Чалышев, подумав, передал однопалому пачку папирос, круто повернулся, подтолкнул вперед Махмута, вышел, захлопнул дверь камеры, набросил засов и закрыл его на замок.
А когда вернулся к Махмуту в кабинет, спросил:
— Ну, так что ты предлагаешь?
— Один из задержанных уйгур. Больной он очень. Хочу допросить его. По-моему, он должен кое-чего рассказать.
— А может, в чека поскорее отправим? — неуверенно предложил Чалышев и выжидающе замолчал.
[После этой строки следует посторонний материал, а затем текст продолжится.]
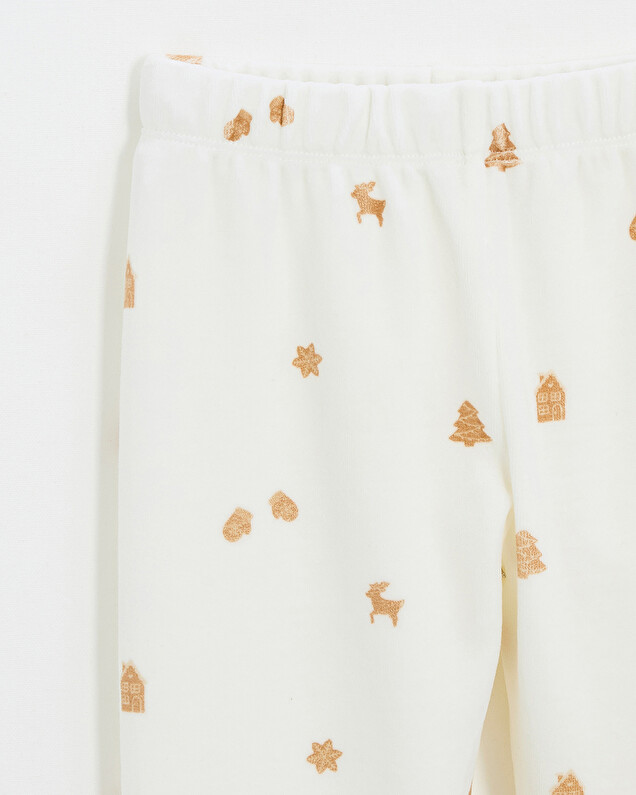 Two-piece printed pajamas Cookie print  Natalys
— Нет. Вначале допрошу уйгура, — отклонил это предложение Махмут.
— Думаешь, признается?
Махмут неопределенно повел плечами. Особой уверенности в этом у него не было. У Чалышева на какое-то мгновение еле приметно дрогнула скобка усов. Не первый день знал начальник милиции однопалого Оспана и был уверен: не таков он человек, чтобы брать на дело длинноязыких. Наверняка помощников подобрал под стать себе. Каленым железом их жечь — и тогда ничего не скажут. Чалышев тронул усы и торопливо, словно боясь опоздать со своим согласием, сказал:
— Уж если так горячо настаиваешь, допрашивай. Обещаю два дня никому ни слова про этих бандитов. Крейз и Думский вернутся послезавтра. Вот и преподнесешь им подарок. А то действительно засмеют, скажут, поймать поймали, да ничего не узнали.